Evo Morales presentó su carta de renuncia ante el Parlamento de Bolivia. (Foto: AFP/Archivo)
Evo Morales presentó su carta de renuncia ante el Parlamento de Bolivia. (Foto: AFP/Archivo)

Estoy de acuerdo con que Evo Morales no debió postular a un cuarto periodo presidencial. Ni a un tercero. Al desconocer el referéndum que rechazó su intento reeleccionista se puso en la orilla opuesta de la democracia que decía defender. Y fue bastante grave que usase su influencia para igual postular con una interpretación forzada, si no ilegal, de la ley, al estilo de Alberto Fujimori. ¿Cuál era la necesidad de estirar tanto la pita cuando su legado era incuestionablemente superior a cualquiera del de sus pares en la región? No hay defecto más autodestructivo para un político y su legado que el de caer en las redes del mesianismo.

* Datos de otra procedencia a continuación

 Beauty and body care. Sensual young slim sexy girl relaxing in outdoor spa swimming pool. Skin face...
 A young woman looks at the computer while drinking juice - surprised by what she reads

Pero este contexto requiere una capa adicional de análisis. Cuestionar la permanencia de Evo en el poder no elimina que lo que está ocurriendo en Bolivia se asemeja mucho más a una operación militar y policial llevada al extremo fascista que a una victoria democrática o revolución cívica. La OEA propuso nuevas elecciones. Tardíamente y ante la presión, Evo Morales terminó por aceptarlo, poniendo en marcha el proceso de transición, pero la oposición, con apoyo de las Fuerzas Armadas y la Policía, pateó el tablero. Si eso no es un golpe tradicional latinoamericano, ¿qué es?

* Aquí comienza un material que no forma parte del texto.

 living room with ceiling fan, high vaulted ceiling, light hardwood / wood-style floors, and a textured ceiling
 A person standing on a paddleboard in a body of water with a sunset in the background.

Las brechas ideológicas no deberían llevarnos a justificar lo que está ocurriendo en el país vecino: la oposición ha tomado el poder agitando la biblia en una mano y un arma en la otra. “La Pachamama nunca volverá al Palacio. Bolivia es de Cristo”, dijo Fernando Camacho, el “Bolsonaro boliviano”, que, sin haber participado en una elección, ya estaba en Palacio Quemado para anunciar ese futuro aterrador.

Evo Morales termina mal, pero el fundamentalismo, clasismo y racismo que han entrado con fuerza no se ven mejor. Nada que celebrar.